NASA has made history after it completed the first ever powered, controlled flight today, confirming its Ingenuity helicopter had successfully taken flight on Mars.
The helicopter, which landed on the Red Planet along with the Perseverance Rover on 18 February, was expected to make a 40-second first flight.
MiMi Aung, Ingenuity Mars Helicopter Project Manager at NASA’s Jet Propulsion Laboratory said: “We can now say that human beings have flown a rotorcraft on another planet.”
Atmospheric pressure there is very low, about 1% of atmospheric pressure on Earth.

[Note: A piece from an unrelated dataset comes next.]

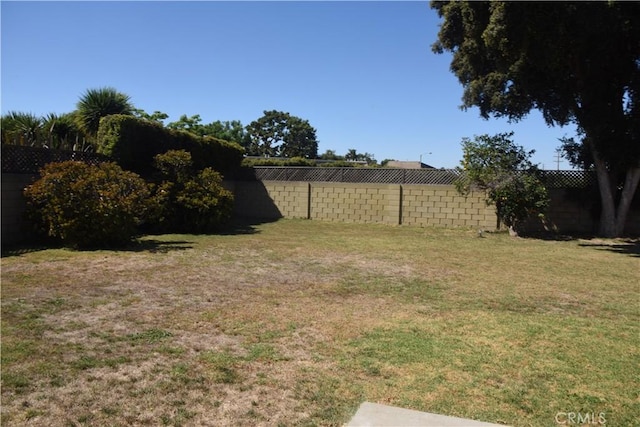 view of yard with a fenced backyard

“The first and foremost challenge is to make a vehicle that’s light enough to be lifted, and then second is to generate lift, the rotors, the rotor system has to spin very fast,” said Aung.
The attempt was touted as a “Wright brothers’ moment,” the first powered, controlled flight on another planet.
“When the Wright brothers flew for the first time, they didn’t fly a fully-equipped passenger airplane, they flew an experimental aircraft to show that it’s possible to do powered flights,” said Ingenuity chief pilot Havard Grip.
The 1.8kg helicopter was to attempt to rise 3 metres into the air on its first flight, followed by up to five increasingly higher and longer flights over the course of a month.